To avoid this obstacle, a Great Midwest Bank bridge loan may be the answer—we simply tap the equity in your current home for a down payment. This bridge is usually in the form of a Home Equity Line of Credit (HELOC) where only-interest payments are required. By utilizing this tool, borrowers can often avoid having to sell their current home to cover funds for their new home. It also allows them to move into the new house at their desired pace. If you go this route, be sure to set some reserves aside—as you may face the prospect of two mortgage payments at once if your house doesn’t sell quickly.
An appraisal contingency can be another challenge. With homes selling in some cases for well over the asking price, it’s not uncommon that the appraised value will be at or above the sale price.
We do all we can to prepare borrowers in advance for this occurrence. In most cases, even if the sale price can’t be negotiated down, other options exist to still buy the home, either in the form of additional down payment funds or considering private mortgage insurance options.
Home Inspection Contingency
It is considered standard practice for homebuyers to write a home inspection contingency into their offer. This means that once the offer is accepted the buyers will have a licensed professional do a full inspection of the home. It includes looking for and documenting anything from minor imperfections to major code violations.
Inspections serve a few purposes. They allow the buyer to fully know what they’re getting into with this home purchase, to start. Inspections also allow buyers to request certain repairs or negotiate the home sale price down to account for the repair costs. An inspection contingency also gives the buyer the ability to walk away from the purchase if major issues arise in the inspection.
Inspections are in the best interest of the buyer. But in this ultra-competitive market, we’re sometimes seeing buyers opt to waive inspections to make their offer more attractive.
Compromises are tempting but think carefully. Having the winning offer on a gorgeous Victorian house might not feel as victorious if you later discover major issues with your foundation, for example. Remember to stay positive and patient—if you lose out on one house, there’s another out there that you might love even more.
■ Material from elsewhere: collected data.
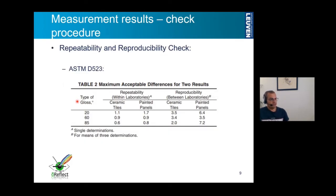In order to check the repeatability and reproducibility, we adhered to the ASTM standard in which the maximum acceptable differences for two results are given in a table. Depending on the glossiness or the gloss geometry for painted samples, we have repeatability and reproducibility thresholds as stated. Repeatability is defined for single determinations, which is the reason we opted for this procedure; for reproducibility it is a mean of three determinations, as we also did.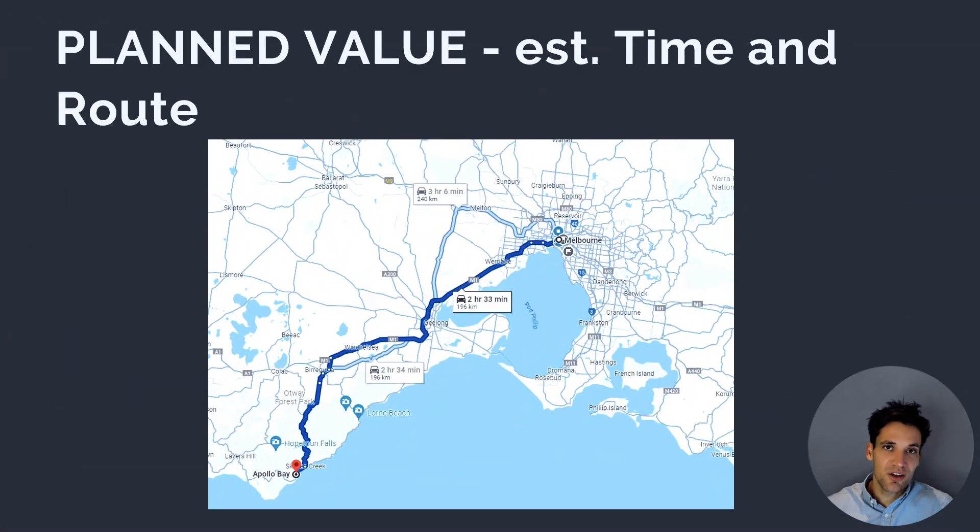To better explain these concepts, I want to use the analogy of a project to a trip down to the beach for a holiday. We'll talk about what planned value, earned value, and actual cost are in the context of driving down to the beach. Our planned value is the estimated time and route — in this case, Google Maps tells us our planned duration for the work is two hours and 20 minutes.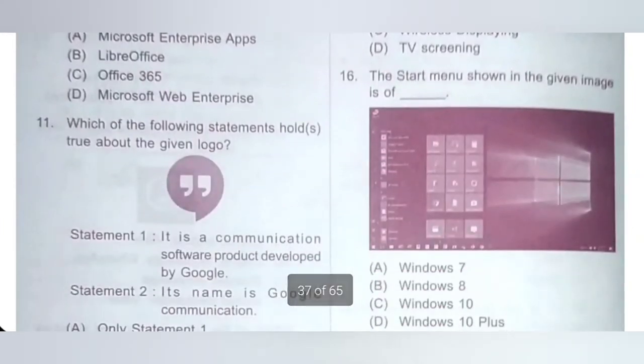16th: the Start menu shown in the given image is of Dash. A: Windows 7, B: Windows 8, C: Windows 10, D: Windows 10 Plus. The Start menu shown in the given image is of Windows 10. Option C is the correct answer.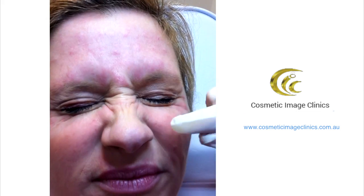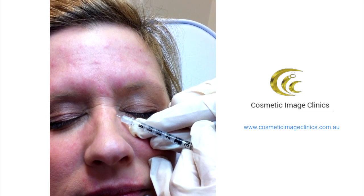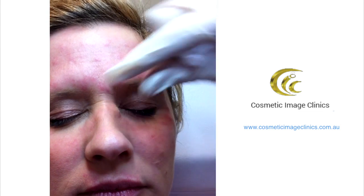Here we go. You might want to close your eyes Geri and just scrunch up your bunny lines and then relax them. That's terrific. Big breath in. Well done. That's fantastic. Now Geri's had six units there before but it wasn't quite enough, so we're just cranking up the dose a little bit.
Advantages of a Local Lender
In addition to working with local agents, there are advantages to teaming up with a local lender, too.
Real estate professionals appreciate the expertise that a local mortgage lender like Great Midwest Bank brings to the table. Our thorough pre-approvals leave nothing to chance, so your financing will be clear in the offer. Like local real estate agents, Great Midwest Bank loan officers know the area and will offer a personalized approach.
At Great Midwest Bank, our experienced loan officers know what it takes to get you in the best position to buy. We pride ourselves on accessibility. In a tight real estate market, we know you have questions that need to get answered quickly.
Buying in this market requires a team effort, and Great Midwest Bank is here to make the process as stress-free as possible.